Pictures with short captions
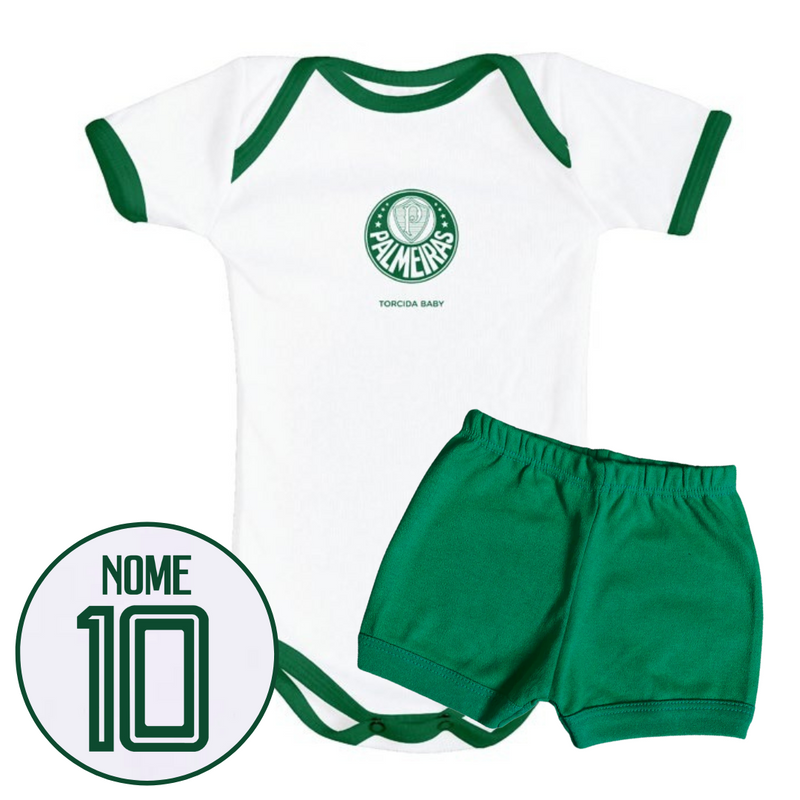 Kit Body Branco Personalizado e Shorts/Calça do Palmeiras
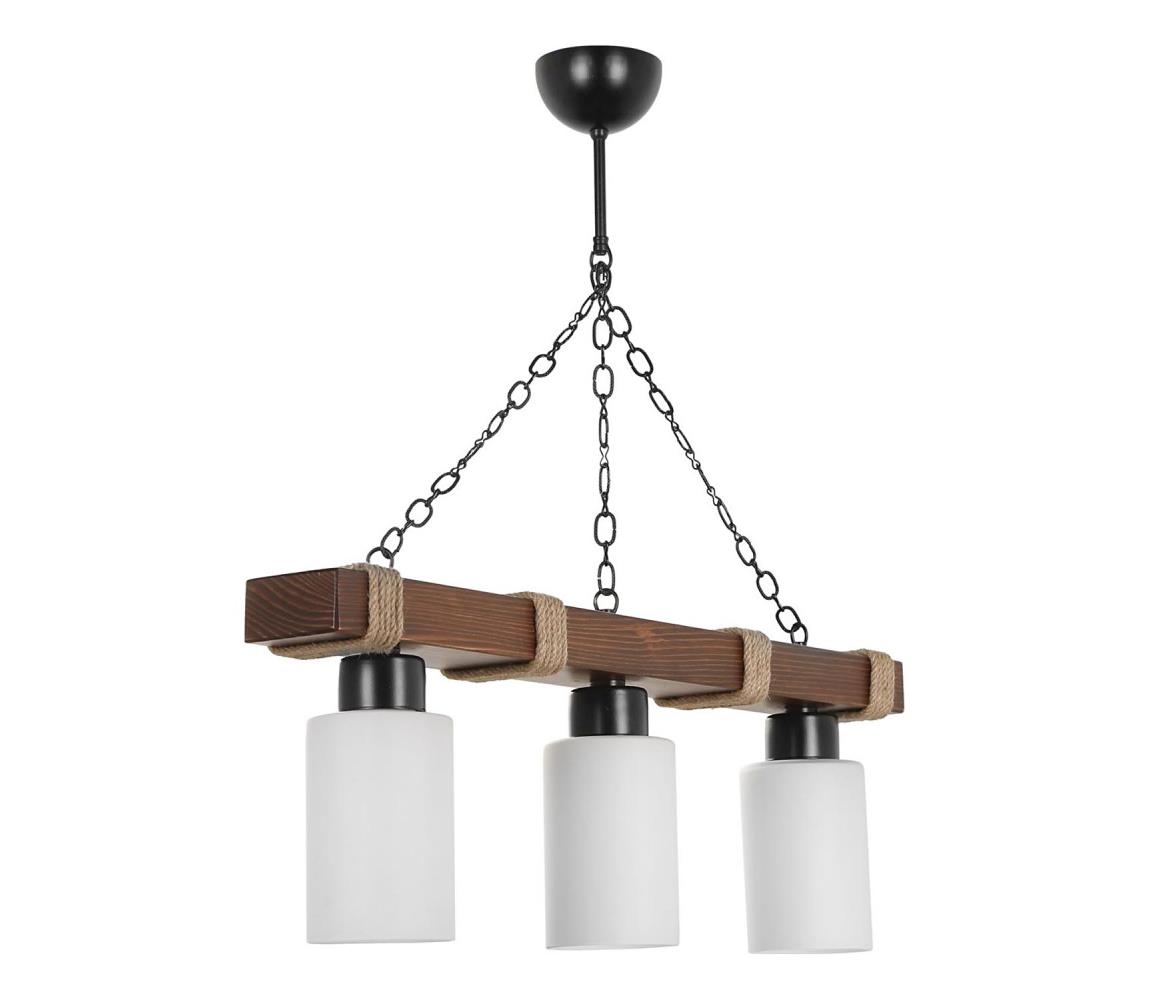 Láncos csillár JASMIN 3xE27/40W/230V barna/fehér 534LUN3374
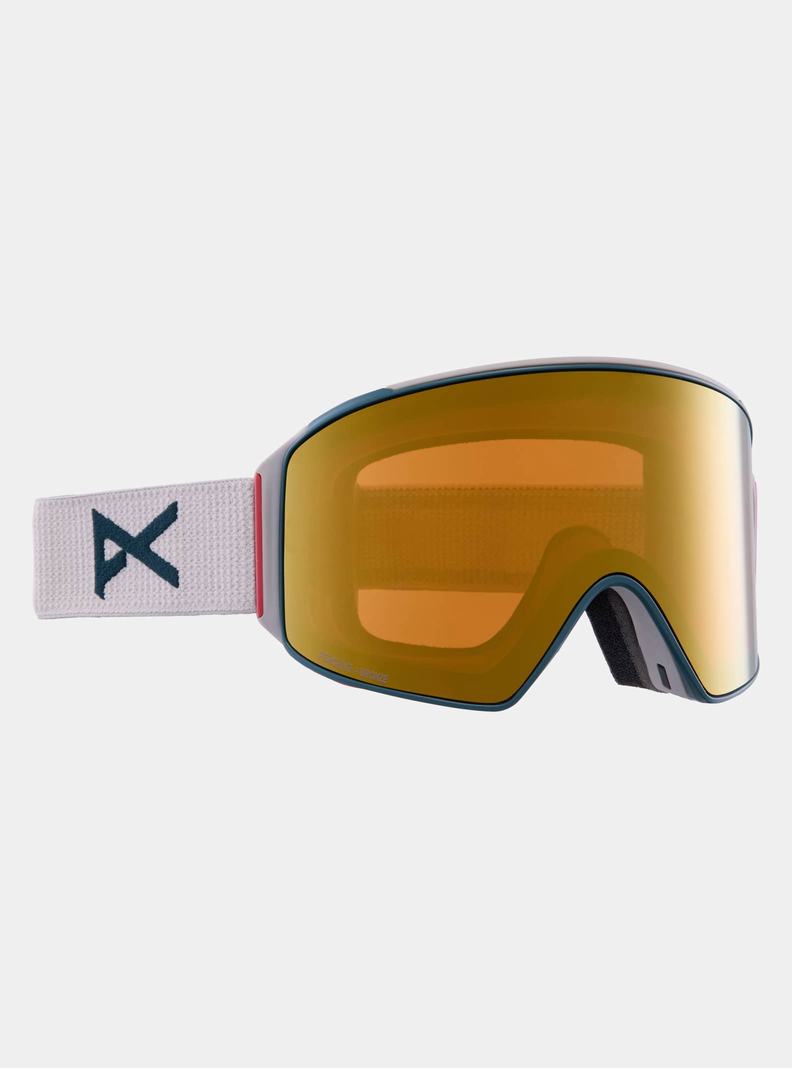 Grey / Orange Burton Anon M4 Goggles (Cylindrical) + Bonus Lens + MFI® Face Mask Men's Ski Goggles | SOBNRI405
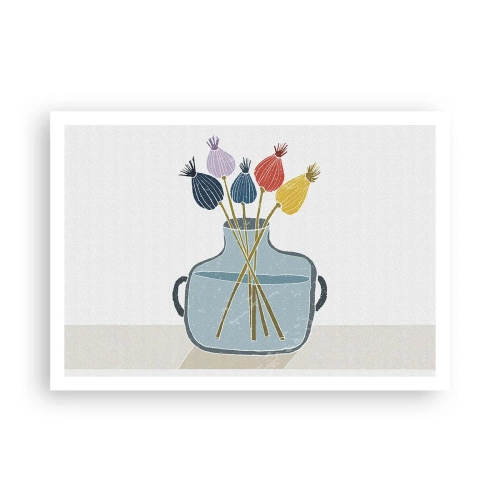 Plakat - Kolorowe suche kwiaty w wazonie na białym tle - 100x70cm - Jak makiem zasiał - Nowoczesna dekoracja ścienna do salonu i sypialni ARTTOR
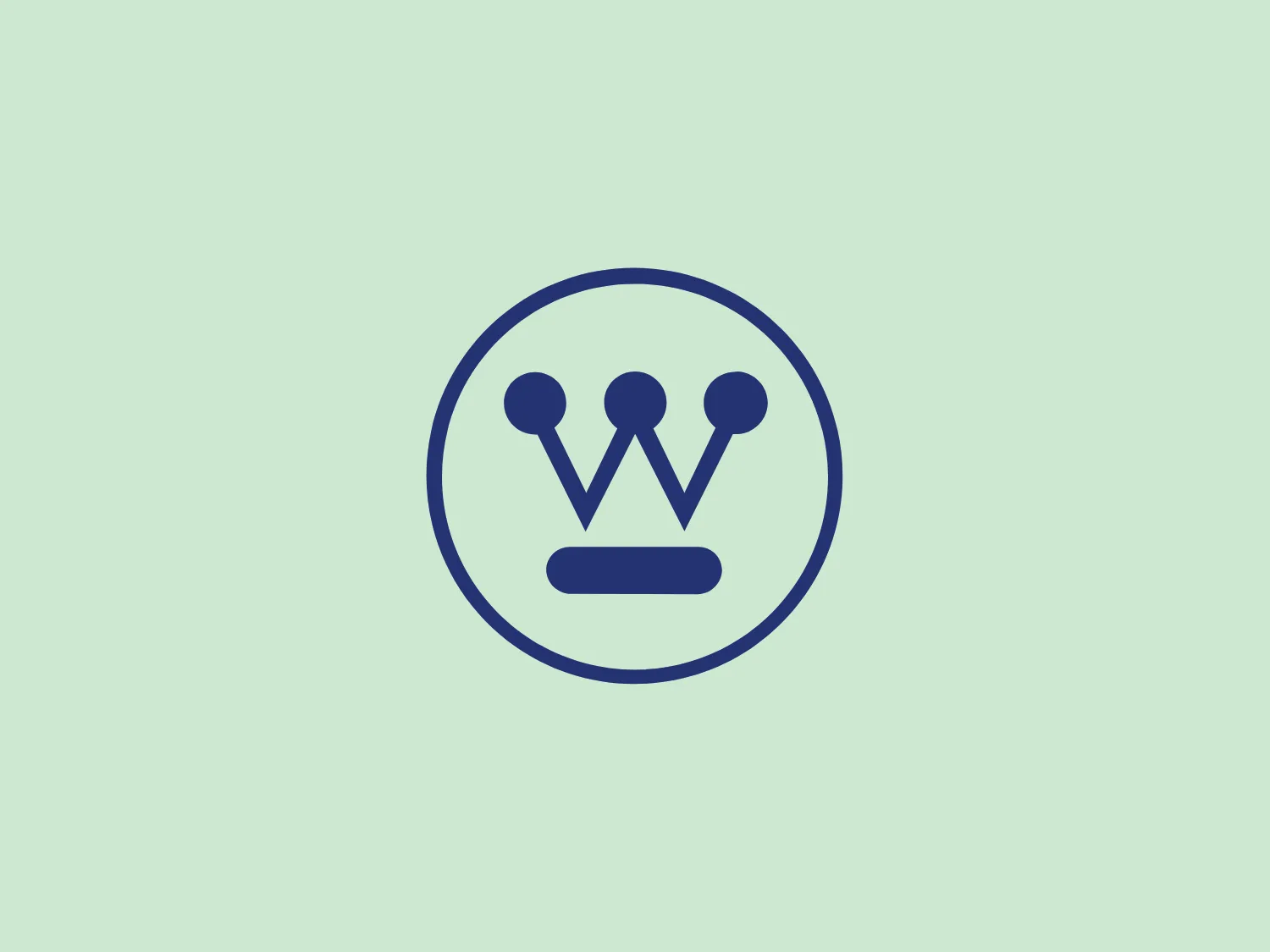 The Westinghouse logo is a minimalist design featuring a stylized crown composed of three equally spaced vertical lines capped with circles, all connected at the base with a horizontal line above a short, flat baseline. The icon is encased within a circle, creating a cohesive and contained emblem. The overall aesthetic is clean, modern, and would be readily identifiable at various sizes. The logo employs a single color, a deep, sophisticated shade of blue, which lends it a professional and regal feel.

§ WHAT TO WORK ON: Give back every entry word for word, and drop the pictures as you go.

§ REPLY:
 Kit Body Branco Personalizado e Shorts/Calça do Palmeiras
 Láncos csillár JASMIN 3xE27/40W/230V barna/fehér 534LUN3374
 Grey / Orange Burton Anon M4 Goggles (Cylindrical) + Bonus Lens + MFI® Face Mask Men's Ski Goggles | SOBNRI405
 Plakat - Kolorowe suche kwiaty w wazonie na białym tle - 100x70cm - Jak makiem zasiał - Nowoczesna dekoracja ścienna do salonu i sypialni ARTTOR
 The Westinghouse logo is a minimalist design featuring a stylized crown composed of three equally spaced vertical lines capped with circles, all connected at the base with a horizontal line above a short, flat baseline. The icon is encased within a circle, creating a cohesive and contained emblem. The overall aesthetic is clean, modern, and would be readily identifiable at various sizes. The logo employs a single color, a deep, sophisticated shade of blue, which lends it a professional and regal feel.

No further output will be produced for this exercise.